Yves Smith today plays
gotcha with the American Securitization Forum, the private-sector group
which was instrumental in putting together the mortgage-freeze plan officially
announced yesterday. It turns out that the plan is at odds with earlier ASF
guidance on loan modification, which said that "the ASF is opposed to any
across-the-board approach to loan modifications".
Taking a very prosecutorial approach, Smith then lays out various "lines
of attack" which an aggressive lawyer could use should a mortgage bond
investor be inclined to sue loan servicers for loss of income as a result of
this scheme.
Smith is at pains to point out that just because investors can sue
does not mean that investors will sue. But the whole post strikes me
as going so far into the realm of the theoretical and hypothetical as to be
really rather unenlightening when it comes to the plan as announced. So a group
of well-intentioned private-sector individuals might not have dotted every i
and crossed every t in putting this plan together? That’s a good thing.

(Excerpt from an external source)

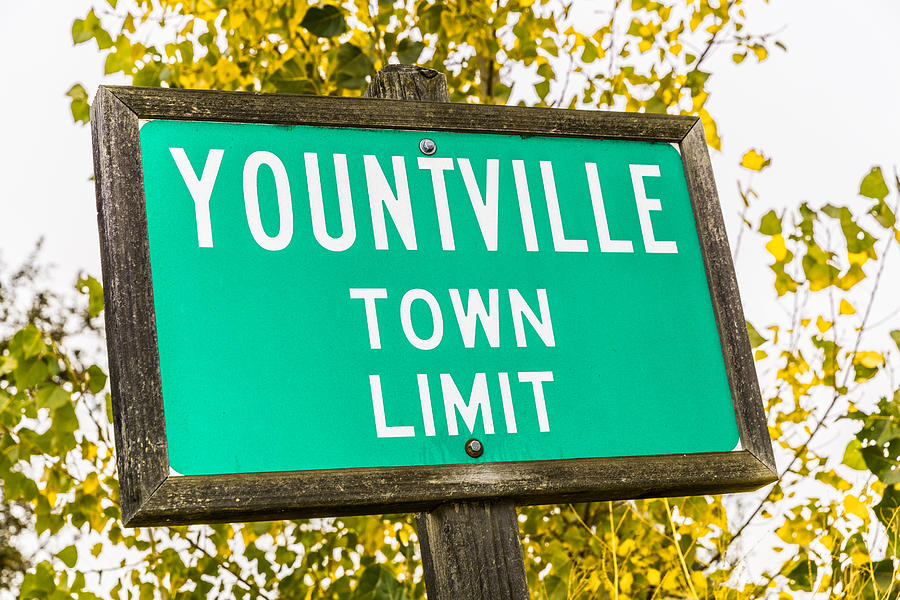 Yountville, California, town sign Photograph by Lucentius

It’s worth remembering that any given investor is extremely unlikely to hold
only the few tranches which are unambiguously damaged by this scheme. Mortgage
bonds are held in mortgage-bond portfolios, and demonstrating damages on a mortgage-bond
portfolio is going to be very
hard. This is not like, say, the Argentine default, where a lot of small
investors put all their eggs in one basket and saw them all broken. Of course,
a bond investor suing a servicer would sue on losses on a given tranche, not
on his overall portfolio. But the court might not have a huge amount of sympathy
for such an investor, especially if faced with dozens of amicus briefs from
the likes of the ASF, the FDIC, and Treasury all saying why the lawsuit is horrendously
misguided and has no legal basis. Meanwhile, the investor would face being ostracized
from the ABS community, as would the investor’s lawyers. It all sounds like
a very high-risk strategy for a relatively small potential payoff.
When I said
yesterday that lenders would love this mortgage-freeze plan, the disagreement
in the comments came not from bond investors but rather from people renting
homes who are hoping for prices to fall further so that they can afford to buy.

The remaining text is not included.